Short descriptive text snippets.
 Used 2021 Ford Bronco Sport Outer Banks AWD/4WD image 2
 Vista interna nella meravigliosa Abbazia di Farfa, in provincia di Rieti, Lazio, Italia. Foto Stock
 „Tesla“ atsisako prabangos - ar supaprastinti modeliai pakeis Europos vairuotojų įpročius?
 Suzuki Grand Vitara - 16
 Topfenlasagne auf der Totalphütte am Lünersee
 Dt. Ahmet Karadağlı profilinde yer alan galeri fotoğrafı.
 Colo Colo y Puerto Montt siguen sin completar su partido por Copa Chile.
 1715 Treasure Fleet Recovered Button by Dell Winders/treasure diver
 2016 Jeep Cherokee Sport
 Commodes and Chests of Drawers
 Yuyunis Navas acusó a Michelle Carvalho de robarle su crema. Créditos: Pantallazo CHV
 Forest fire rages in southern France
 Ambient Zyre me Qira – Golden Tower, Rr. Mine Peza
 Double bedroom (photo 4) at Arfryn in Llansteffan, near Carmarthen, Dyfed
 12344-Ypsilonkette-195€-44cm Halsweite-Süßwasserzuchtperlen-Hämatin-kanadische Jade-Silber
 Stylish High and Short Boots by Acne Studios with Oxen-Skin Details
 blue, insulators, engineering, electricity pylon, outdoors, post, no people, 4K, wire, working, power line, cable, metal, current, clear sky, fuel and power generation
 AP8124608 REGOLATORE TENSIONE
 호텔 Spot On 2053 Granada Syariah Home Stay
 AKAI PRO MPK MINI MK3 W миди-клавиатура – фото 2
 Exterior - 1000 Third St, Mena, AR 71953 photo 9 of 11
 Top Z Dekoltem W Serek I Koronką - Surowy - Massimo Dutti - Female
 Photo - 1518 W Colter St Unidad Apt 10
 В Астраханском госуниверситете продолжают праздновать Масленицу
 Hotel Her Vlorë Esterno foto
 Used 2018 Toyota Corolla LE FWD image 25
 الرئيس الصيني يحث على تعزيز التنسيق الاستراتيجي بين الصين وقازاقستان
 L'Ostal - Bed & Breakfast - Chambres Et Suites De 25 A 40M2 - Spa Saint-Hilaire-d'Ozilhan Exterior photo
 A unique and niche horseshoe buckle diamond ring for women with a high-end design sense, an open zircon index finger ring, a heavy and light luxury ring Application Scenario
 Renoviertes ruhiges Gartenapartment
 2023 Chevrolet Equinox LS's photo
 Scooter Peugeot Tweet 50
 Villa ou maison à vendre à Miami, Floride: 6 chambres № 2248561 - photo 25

EXERCISE. Write out the records in full, word for word.

RESPONSE AREA.
 Used 2021 Ford Bronco Sport Outer Banks AWD/4WD image 2
 Vista interna nella meravigliosa Abbazia di Farfa, in provincia di Rieti, Lazio, Italia. Foto Stock
 „Tesla“ atsisako prabangos - ar supaprastinti modeliai pakeis Europos vairuotojų įpročius?
 Suzuki Grand Vitara - 16
 Topfenlasagne auf der Totalphütte am Lünersee
 Dt. Ahmet Karadağlı profilinde yer alan galeri fotoğrafı.
 Colo Colo y Puerto Montt siguen sin completar su partido por Copa Chile.
 1715 Treasure Fleet Recovered Button by Dell Winders/treasure diver
 2016 Jeep Cherokee Sport
 Commodes and Chests of Drawers
 Yuyunis Navas acusó a Michelle Carvalho de robarle su crema. Créditos: Pantallazo CHV
 Forest fire rages in southern France
 Ambient Zyre me Qira – Golden Tower, Rr. Mine Peza
 Double bedroom (photo 4) at Arfryn in Llansteffan, near Carmarthen, Dyfed
 12344-Ypsilonkette-195€-44cm Halsweite-Süßwasserzuchtperlen-Hämatin-kanadische Jade-Silber
 Stylish High and Short Boots by Acne Studios with Oxen-Skin Details
 blue, insulators, engineering, electricity pylon, outdoors, post, no people, 4K, wire, working, power line, cable, metal, current, clear sky, fuel and power generation
 AP8124608 REGOLATORE TENSIONE
 호텔 Spot On 2053 Granada Syariah Home Stay
 AKAI PRO MPK MINI MK3 W миди-клавиатура – фото 2
 Exterior - 1000 Third St, Mena, AR 71953 photo 9 of 11
 Top Z Dekoltem W Serek I Koronką - Surowy - Massimo Dutti - Female
 Photo - 1518 W Colter St Unidad Apt 10
 В Астраханском госуниверситете продолжают праздновать Масленицу
 Hotel Her Vlorë Esterno foto
 Used 2018 Toyota Corolla LE FWD image 25
 الرئيس الصيني يحث على تعزيز التنسيق الاستراتيجي بين الصين وقازاقستان
 L'Ostal - Bed & Breakfast - Chambres Et Suites De 25 A 40M2 - Spa Saint-Hilaire-d'Ozilhan Exterior photo
 A unique and niche horseshoe buckle diamond ring for women with a high-end design sense, an open zircon index finger ring, a heavy and light luxury ring Application Scenario
 Renoviertes ruhiges Gartenapartment
 2023 Chevrolet Equinox LS's photo
 Scooter Peugeot Tweet 50
 Villa ou maison à vendre à Miami, Floride: 6 chambres № 2248561 - photo 25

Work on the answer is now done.